SOMETHING NEW: Writing for mainstream theatre ranks highly on Thompson's to-do list.
Acclaimed actress Gracia Thompson knows all too well what it's like to be an out-of-work thespian (she's living that very reality right now), but she joins a growing list of Jamaican actors turning their hands and their hearts to other creative avenues to do things they're genuinely passionate about. "I'm currently teaching Drama and Theatre Arts at UTECH," she informs TALLAWAH, "and I also teach English at Ardenne High."
One of her core responsibilities at UTECH is co-writing and producing the college's annual culture showcase, a role she obviously enjoys and one that forced her to grow artistically. "It challenges me as a writer to think outside the box and to keep the ideas fresh because you have to deliver what audiences want," she says.

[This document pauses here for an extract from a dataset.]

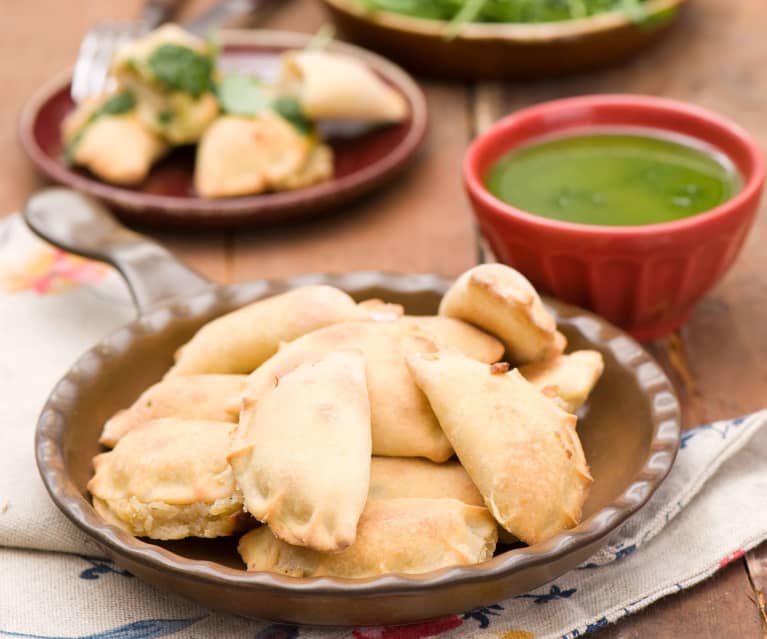 Empanadas z topinamburem i serem cheddar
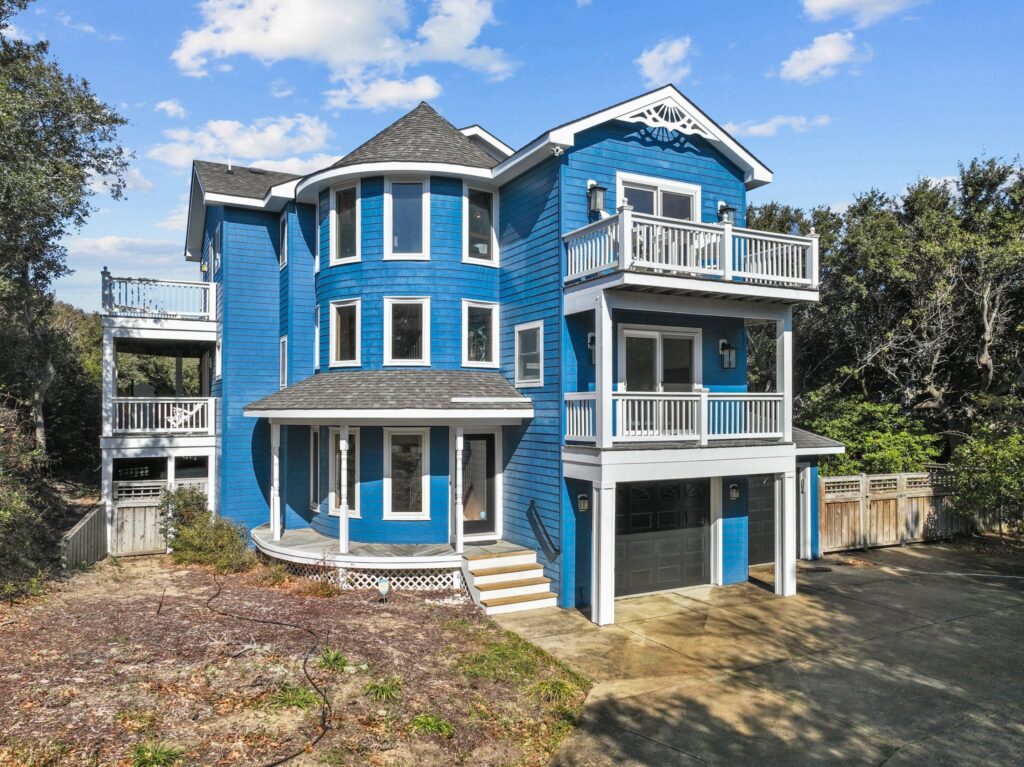 Pool & Hot Tub, 5 Minute Walk to The Beach, & 4 Master Bedrooms!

And speaking of the writing life, Thompson, whose career in the arts spans stage plays, radio ads and television spots, has also been quietly channelling her inner Olive Senior. "The book I'm working on is about three generations of women in Jamaica, before Independence and post-Independence, and I'm very excited about what I have so far," says Thompson, who proved a vivacious co-emcee (alongside Granville Morgan) at Mello Go Roun' on Friday - and considers herself a voracious reader. "It's a fictional work," she says of the book-in-progress, "but in some cases a bit autobiographical."

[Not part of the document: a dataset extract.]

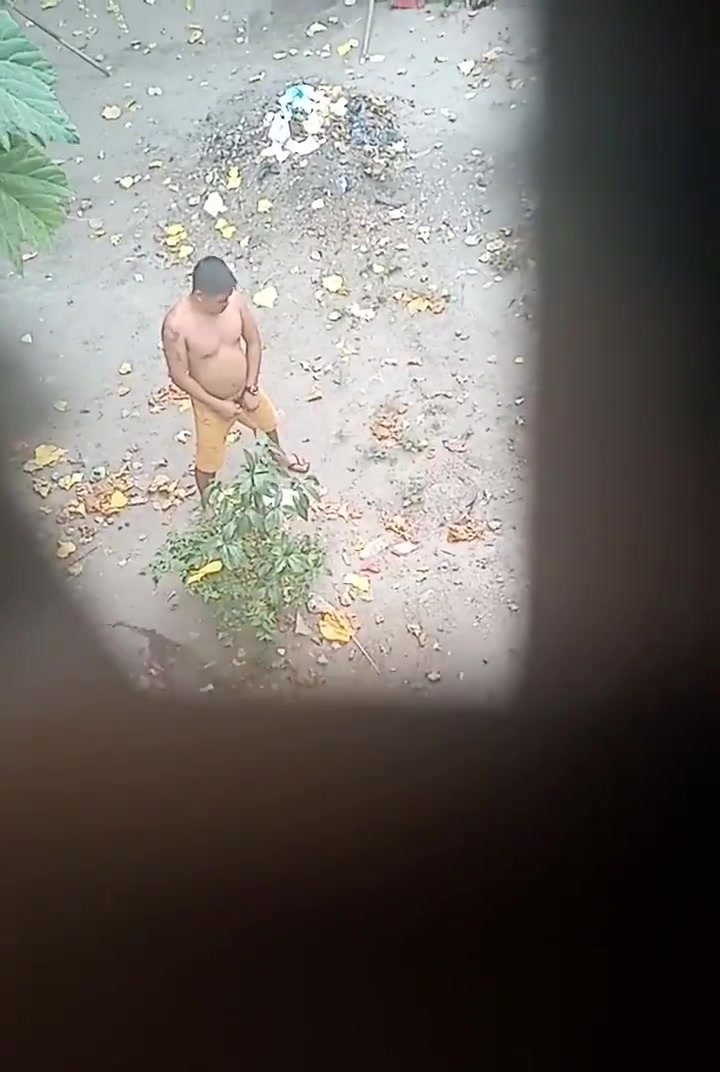 CATCHING MEN PISSING OUTSIDE 7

Having worked closely over the years with the likes of Dahlia Harris (God's Way) and Basil Dawkins (she's a front-of-house regular at his Little Little Theatre productions), it comes as no surprise that what Thompson really wants to do no is write and produce for the commercial big stage. "Ideally that is my dream, but with the absence of a few of the regular theatre houses in Kingston, getting a space to stage a commercial production might be difficult," she laments. "But I'm not gonna give up. Sometimes we just have to find other creative ways to bring dreams to reality."